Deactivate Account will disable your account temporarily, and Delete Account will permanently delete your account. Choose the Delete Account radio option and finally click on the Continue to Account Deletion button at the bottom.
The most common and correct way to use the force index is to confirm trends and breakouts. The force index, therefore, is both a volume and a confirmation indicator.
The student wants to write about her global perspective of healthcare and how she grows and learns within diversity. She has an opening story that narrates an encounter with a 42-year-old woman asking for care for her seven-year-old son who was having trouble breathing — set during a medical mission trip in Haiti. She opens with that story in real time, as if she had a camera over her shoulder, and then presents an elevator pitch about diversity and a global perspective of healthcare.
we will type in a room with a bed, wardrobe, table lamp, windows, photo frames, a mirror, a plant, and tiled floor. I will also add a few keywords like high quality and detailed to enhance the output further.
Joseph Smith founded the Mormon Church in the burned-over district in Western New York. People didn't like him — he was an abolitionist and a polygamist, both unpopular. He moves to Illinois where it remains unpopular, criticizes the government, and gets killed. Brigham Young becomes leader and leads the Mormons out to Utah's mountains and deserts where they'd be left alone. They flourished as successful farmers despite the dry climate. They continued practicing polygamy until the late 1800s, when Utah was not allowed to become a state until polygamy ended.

...

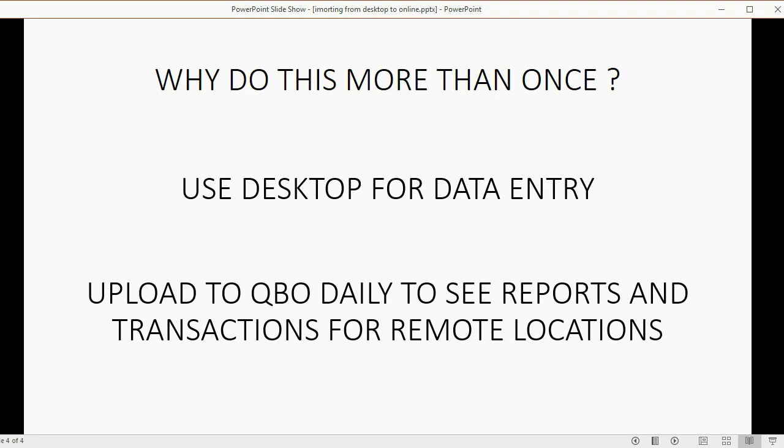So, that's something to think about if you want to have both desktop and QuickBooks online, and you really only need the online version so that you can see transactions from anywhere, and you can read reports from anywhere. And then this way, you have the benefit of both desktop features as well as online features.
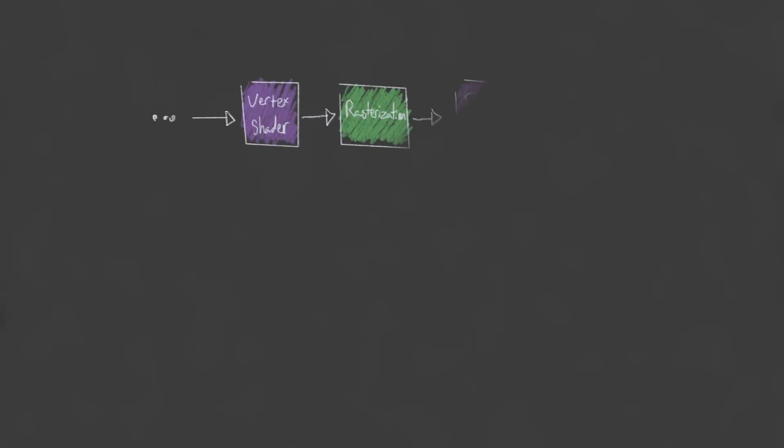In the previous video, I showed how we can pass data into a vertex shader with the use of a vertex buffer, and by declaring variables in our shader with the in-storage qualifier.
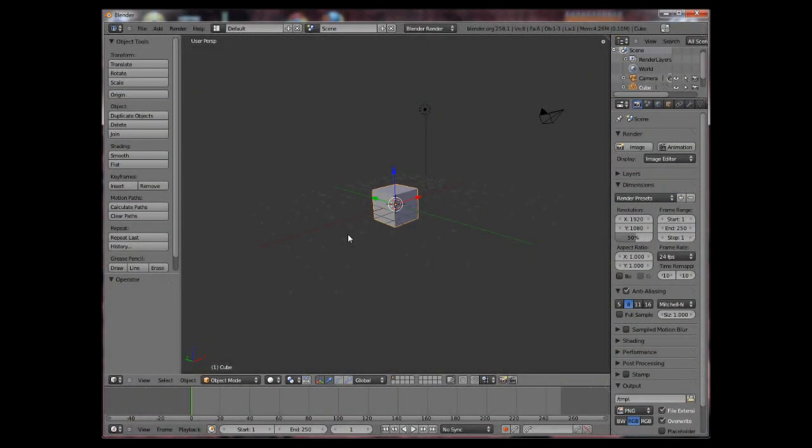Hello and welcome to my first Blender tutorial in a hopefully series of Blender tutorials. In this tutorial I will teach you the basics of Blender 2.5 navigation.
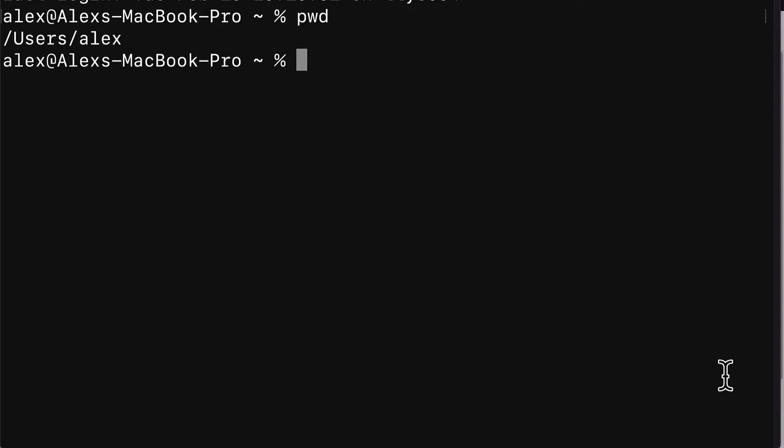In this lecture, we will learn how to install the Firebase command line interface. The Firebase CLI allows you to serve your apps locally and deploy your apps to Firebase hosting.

*THE PROBLEM*
What is needed is an exact copy of the lines above, from the one containing "Deactivate Account will" through the one containing "The student wants", with nothing added.

*FINISHED TASK*
Deactivate Account will disable your account temporarily, and Delete Account will permanently delete your account. Choose the Delete Account radio option and finally click on the Continue to Account Deletion button at the bottom.
The most common and correct way to use the force index is to confirm trends and breakouts. The force index, therefore, is both a volume and a confirmation indicator.
The student wants to write about her global perspective of healthcare and how she grows and learns within diversity. She has an opening story that narrates an encounter with a 42-year-old woman asking for care for her seven-year-old son who was having trouble breathing — set during a medical mission trip in Haiti. She opens with that story in real time, as if she had a camera over her shoulder, and then presents an elevator pitch about diversity and a global perspective of healthcare.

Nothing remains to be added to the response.